Designing an API gateway for Nigeria’s open banking ecosystem

Nigeria’s move toward open banking created a need for a shared layer that could help financial institutions and third-party providers connect through one standard. I designed the experience for an open-source API gateway that would sit between API Providers and API Consumers, making onboarding, API access, monitoring, and compliance easier to manage.
The product had to support a complex ecosystem without making the experience feel complex. My role was to translate regulatory, technical, and workflow requirements into a clear product experience for banks, fintechs, developers, and operational teams.
Why this needed to exist
Nigeria’s financial ecosystem has many banks, fintechs, and developers trying to build connected financial products. But without shared API standards, integration can become slow, expensive, and difficult to scale.
Each institution may expose APIs differently, which creates extra work for fintechs and technical teams. Smaller institutions can also be left behind because building and maintaining custom API infrastructure requires time, money, and technical capacity.

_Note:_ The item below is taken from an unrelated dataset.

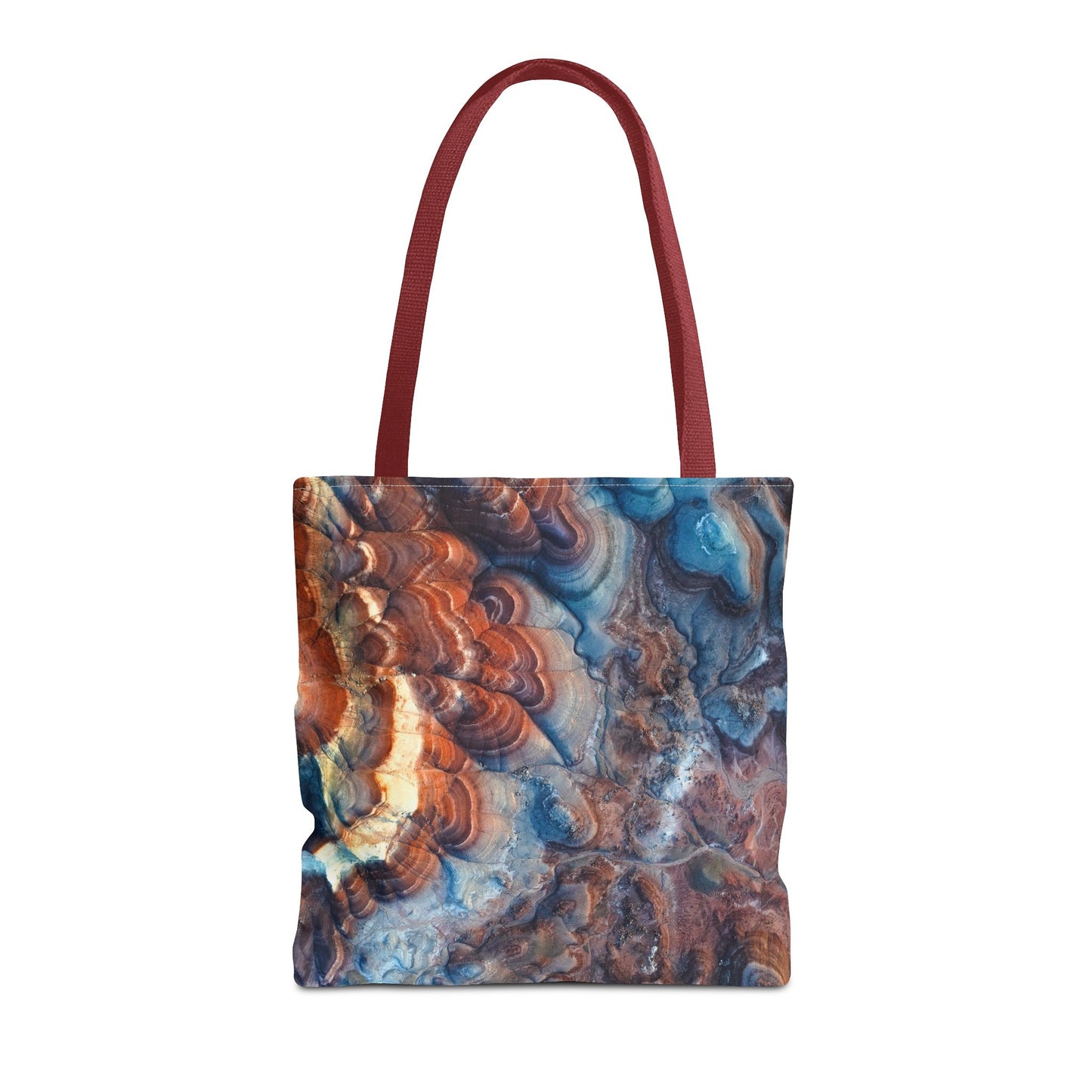 Bentonite Hills Utah Abstract Agate Pattern Tote Bag — Blue & Rust Marble All-Over Print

The API gateway was designed to reduce that fragmentation by creating a shared, standards-based layer for open banking participation.
Where the experience needed clarity
The product needed to solve three experience challenges:
1. Fragmented integrations
Fintechs and third-party providers often had to integrate with institutions one by one, increasing technical overhead and time-to-market.
2. Inconsistent standards
Different API structures and documentation patterns made it harder for teams to build scalable integrations.
3. Access barriers for smaller institutions
Not every financial institution had the resources to build a complete open banking API layer from scratch.
The design challenge was to make a highly technical, compliance-heavy system feel structured, usable, and approachable.
My role
I worked as the Product Designer, translating open banking requirements and technical workflows into a usable product experience.
My work included:
- Studying open banking API specifications and operational requirements
- Understanding the needs of API Providers and API Consumers
- Mapping workflows for onboarding, authentication, API management, reporting, audit trails, and team management
- Designing the dual-portal experience for both user types
- Creating consistent interface patterns for shared modules
- Collaborating with engineers and stakeholders to refine feasibility, permissions, and edge cases
Goals
The gateway needed to:
- Make adoption easier for institutions and third-party providers
- Lower the effort required to expose, consume, and manage open banking APIs
- Support compliance through traceability, permissions, security, and auditability
- Give technical teams enough visibility to monitor API usage and integration health
- Create a scalable foundation for the wider open banking rollout
How I designed the gateway experience
1. Designing around two user types
The product was structured around two primary users: API Providers (APs) and API Consumers (ACs).
API Providers needed control, visibility, and governance. They needed to manage API collections, configure endpoints, monitor consumer activity, review performance, and maintain auditability.

API Consumers needed speed and autonomy. They needed to discover available APIs, understand documentation, test integrations, manage credentials, and track usage.

Instead of forcing both groups into one generic experience, I designed a dual-portal structure. Each user type had its own dashboard, onboarding, and management workflows, while shared modules like reports, audit trails, team management, and security followed consistent patterns.

This made the product easier to scale because shared systems could remain consistent while still adapting to each role’s context.
2. Making API management easier to understand
I designed the API collection experience to help users understand what APIs were available, how they were grouped, and what actions could be taken on each endpoint.
For providers, the interface focused on management: configuring collections, reviewing endpoints, and controlling how APIs were exposed.



For consumers, the interface focused on exploration and integration: viewing available collections, understanding endpoint details, and accessing the information needed to build with them.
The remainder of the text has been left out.